Carcere e lavoro: come le cooperative sociali cambiano le regole del gioco

Carcere e lavoro: come le cooperative sociali cambiano le regole del gioco

venerdì 25 luglio 2025

Intervista a Stefano Granata, Presidente di Confcooperative Federsolidarietà

Carcere e lavoro: come le cooperative sociali cambiano le regole del gioco

Presidnete Granata, 189 cooperative, 11.500 posti di lavoro, 430 milioni di fatturato. I numeri della filiera giustizia di Confcooperative Federsolidarietà dimostrano che il modello funziona. Ma perché proprio le cooperative sociali riescono dove altri falliscono?

Perché uniamo efficienza a solidarietà. Le cooperative sociali sono radicate nel territorio, conoscono i bisogni reali e lavorano in sinergia con istituzioni e imprese. Non siamo assistenzialisti: creiamo lavoro vero. La legge Smuraglia ci aiuta, ma è l'esperienza pluridecennale a fare la differenza. Il lavoro non è un premio, è l'unica alternativa alla recidiva. Noi lo creiamo ogni giorno.

Detenuti che lavorano, ex detenuti assunti, migliaia di persone reinserite. Non sembra troppo bello per essere vero?

È il nostro quotidiano, basato su un sistema serio. Abbiamo cooperative specializzate: tipo B per il lavoro, tipo A per servizi residenziali e riabilitazione. E cinque consorzi che fanno rete. Il segreto? Non abbandoniamo le persone dopo la scarcerazione. Oltre 3.000 ex detenuti restano con noi. La cooperazione sociale è un importante fattore di congiunzione, un ponte tra il carcere e la società per una vera riabilitazione sociale.

Le aziende come rispondo?

Stiamo costruendo un ponte concreto. Stiamo lavorando ad una piattaforma per profilare le competenze, offrire una rete di servizi per collegare le carceri alle imprese. Già oggi molte aziende collaborano, ma serve una regia nazionale. Il nostro CCNL della cooperazione sociale è il settimo in Italia per numero di lavoratori a cui viene applicato: questo dimostra che il modello funziona.

Salute mentale e dipendenze. Il reinserimento dei detenuti funziona anche nelle situazioni più difficili?

Sì, i dati ci danno ragione. Oltre 4.000 persone, in particolare con problemi di salute mentale o di dipendenza, usufruiscono dei nostri servizi residenziali. Non facciamo miracoli, ma offriamo percorsi personalizzati. Una cella costa 270 euro al giorno.
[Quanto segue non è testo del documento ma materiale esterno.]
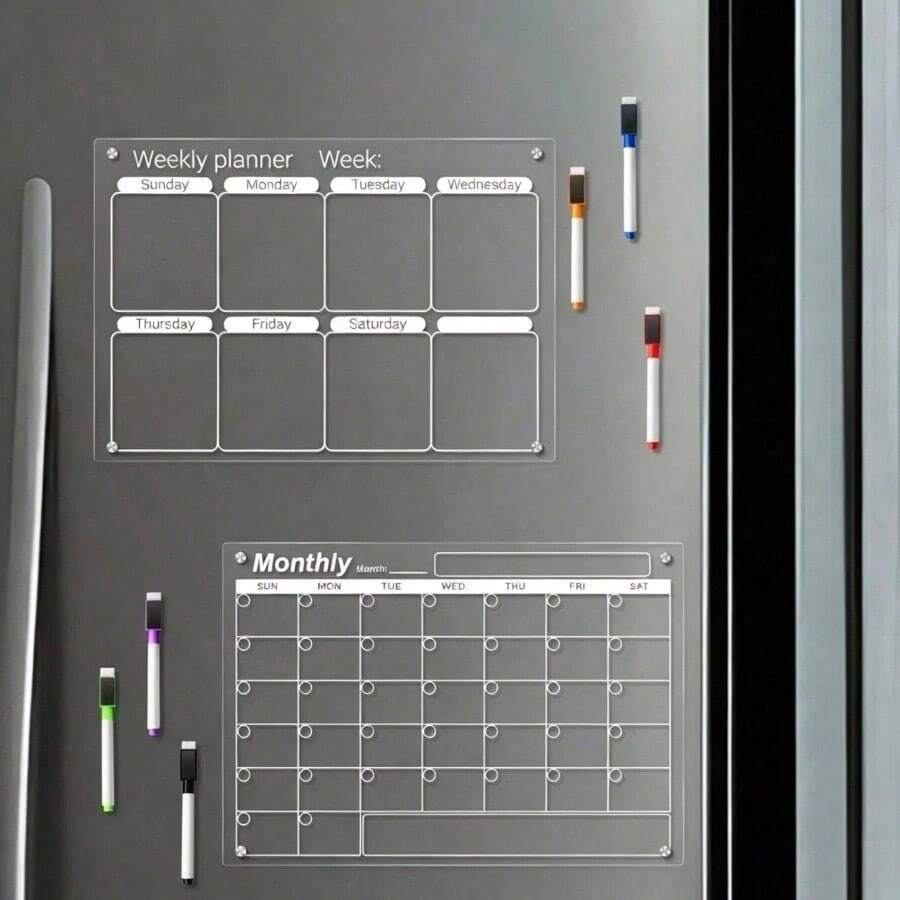 1 Set White Transparent Weekly/Monthly Planner Message Board (Acrylic Calendar Memo Writing Board Display Board, Can Be Used As Memo Board Fridge Magnet) - A - View 1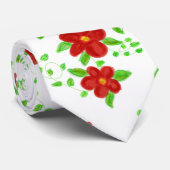 Red Flower Mode Krawatte (Gerollt)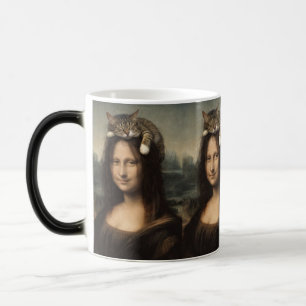 Caneca Mágica Mona Lisa Com Gato Adormecido                     
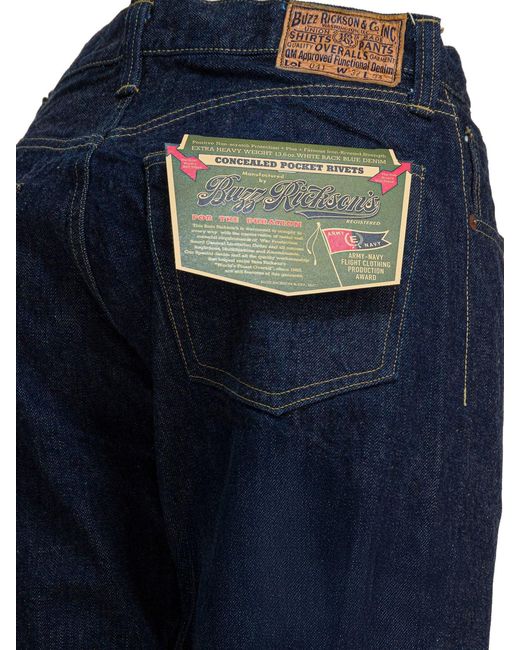 Vaqueros de pierna recta Buzz Rickson's de hombre de color Blue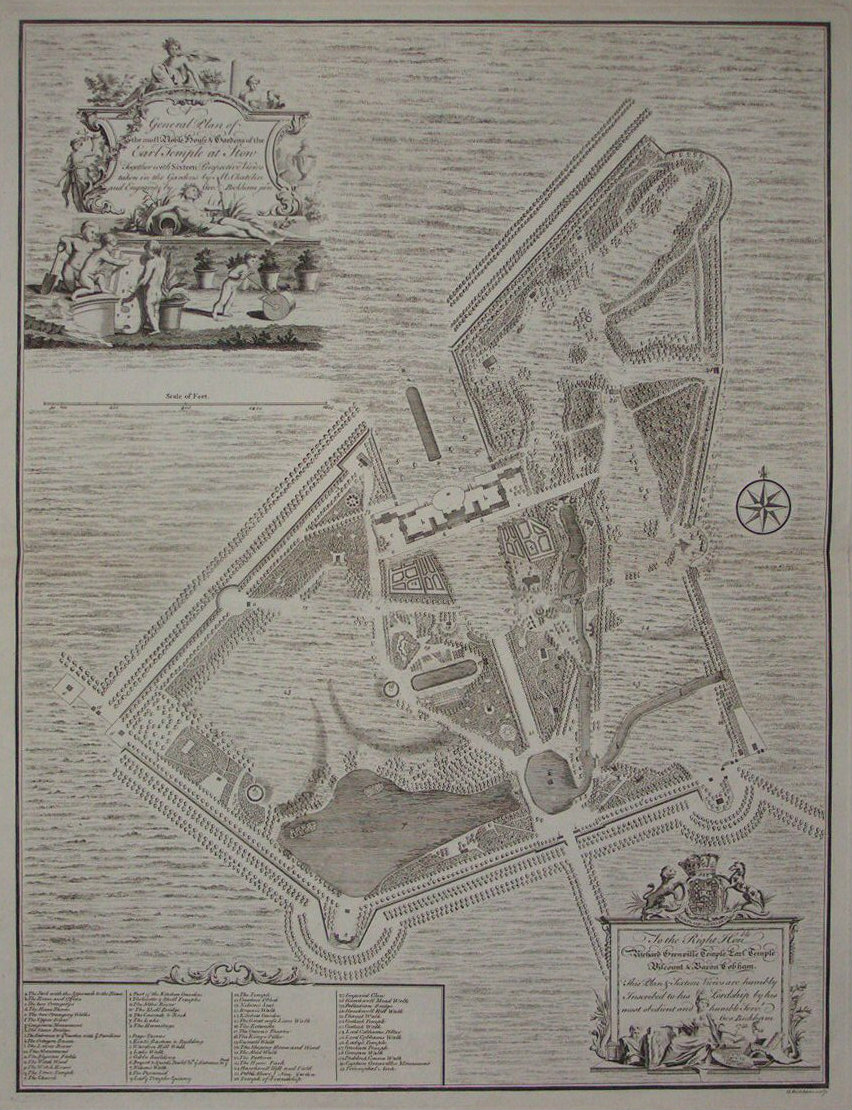 Print - A General Plan of the most Noble House & Gardens of the Earl Temple at Stow - Bickham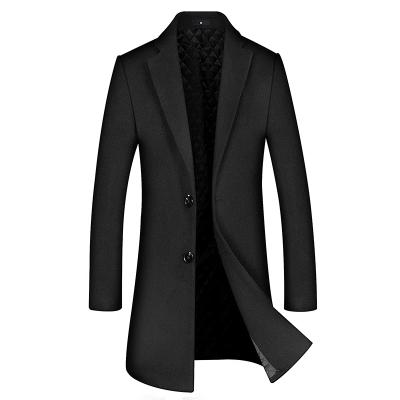 China Latest Design Single Breasted Long Sleeve Woolen Coat Viable Winter Men's Long Coat For Men for sale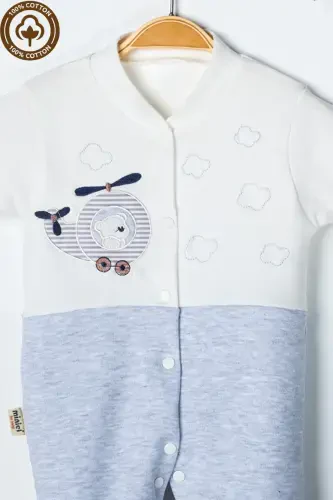 Baby Boy Bear Embroidered 3-6-9 Months Knitted Organic Cotton Footed Baby Romper-GRAY - 4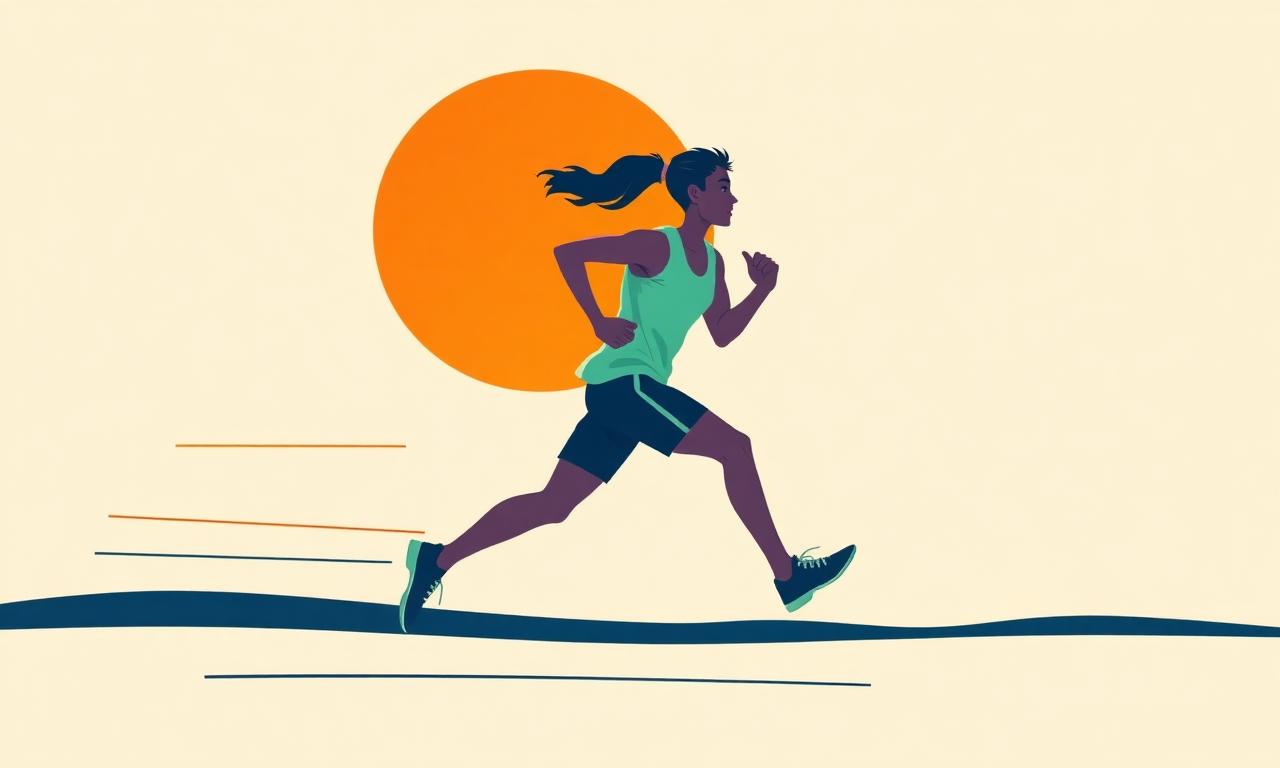 Coureuse en plein mouvement devant un soleil orange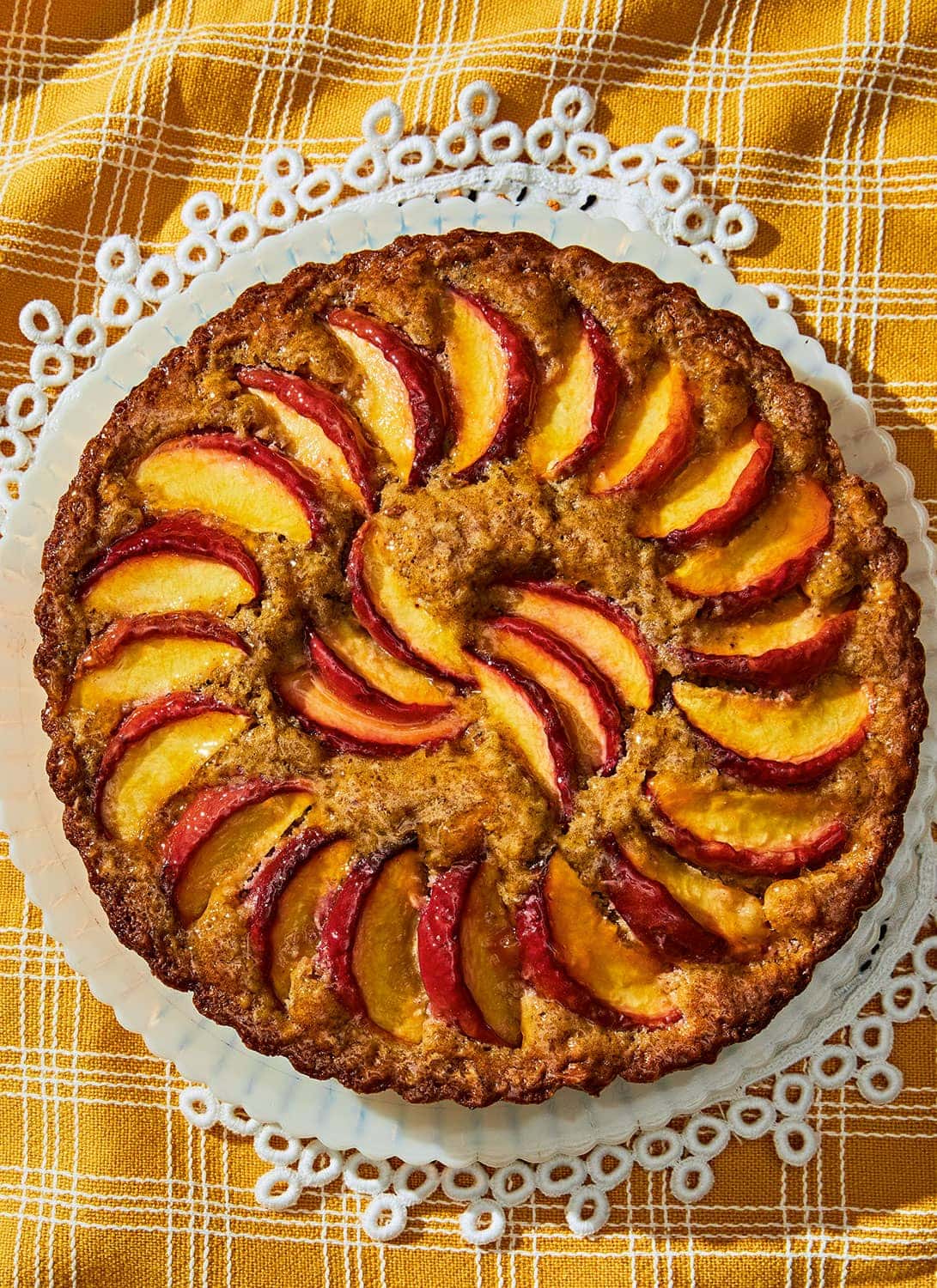 Claire Saffitz What's for Dessert peach bourbon pecan cake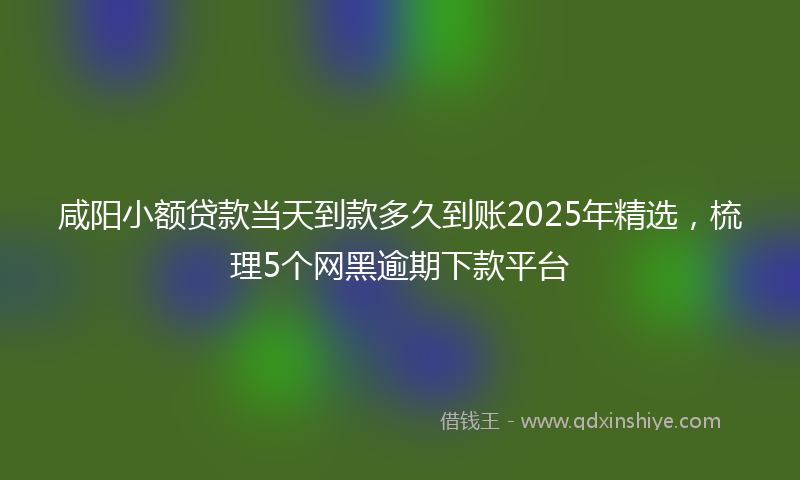 咸阳小额贷款当天到款多久到账2025年精选，梳理5个网黑逾期下款平台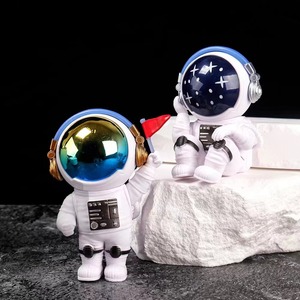 Astronaut Cake Toppers PVC Set Starry Blue Electroplated Reusable Birthday Party Decorations - Product Image 3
Percorsi di formazione molto meno. E così lo Stato risparmia, le persone si riabilitano, la società nel complesso ci guadagna.

La vostra ricetta per il futuro in tre punti?

Più formazione dentro le carceri. Case di accoglienza per chi ha la possibilità di usufruire dei benefici delle misure alternative che siano palestre di autonomia. Un'alleanza con le imprese che guardi al dopo-carcere. La giustizia si fa insieme: Stato, terzo settore e privati. Così si spezza il circolo vizioso.